Dadras and his colleagues wondered if there was a molecular signature of aggressive cancer. Did the most dangerous cancers produce different molecules than less dangerous ones? They began measuring micro-ribonucleic acid (micro-RNA) levels in melanomas. RNA acts as a messenger that translates the instructions in a cell’s DNA into actual proteins. Micro-RNAs are like little caps that seek out and cover up other RNAs, preventing them from making proteins. The type of micro-RNAs can significantly change the kinds of proteins available to a cell – and that can change a cell’s behavior. For example, a cell might have genes that prevent it from turning cancerous. But if micro-RNAs suppress the anti-cancer proteins those genes make, the cell can go rogue anyway.

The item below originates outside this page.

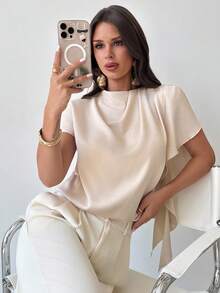 Firerie 女士优雅端庄精致浪漫通勤日常度假褶皱不对称短袖府绸修身衬衫，夏季 - 杏色 - 查看 5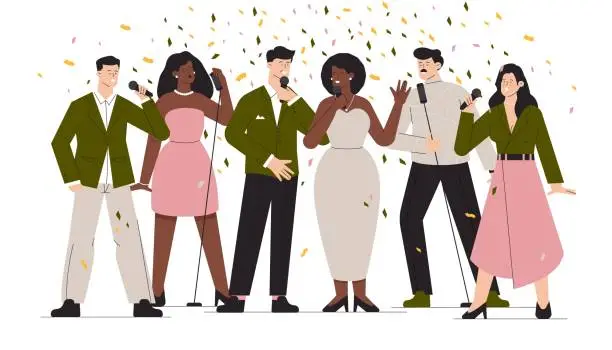 Vector illustration of People at karaoke party. Cartoon club and bar singers and musicians, colorful entertainment and music concept. Vector illustration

The researchers began sampling the micro-RNAs in melanomas and then comparing them to the micro-RNAs found in non-cancerous moles in the same person. They found about 40 micro-RNAs were significantly different between melanomas and normal moles. Then they took 167 different melanoma samples and analyzed those top 40 micro-RNAs. And they found a striking signature: aggressively invasive melanomas had higher levels of micro-RNA21 and lower levels of micro-RNA let7b than less advanced melanomas. It made sense, as micro-RNA21’s target is a gene known to suppress melanoma tumor growth. As micro-RNA21 levels increase, that gene is suppressed even more and the tumor can grow faster.
So this molecular signature exists, and could potentially help doctors identify which patients should opt for more aggressive cancer treatments. But Dadras and his colleagues also wondered how the micro-RNA differences originally came about.
“There’s no studies linking DNA damage from UV to melanoma,” Dadras says. It’s well-established that sun and ultraviolet light exposure is a risk factor for skin cancer, but not because exposure directly damages DNA. Or RNA, for that matter.
How does sunlight change the micro-RNA in a cell? The evidence suggests that ultraviolet light from the sun and from tanning beds changes the micro-RNA expression in keratinocytes, the cells that make pigment in our skin. It doesn’t directly damage the DNA, but rather changes which genes – and so which micro-RNAs – are expressed. So the researchers propose that the keratinocytes exposed to ultraviolet light start making more micro-RNA21, which inactivates the tumor suppresser gene, which leads to tumor growth.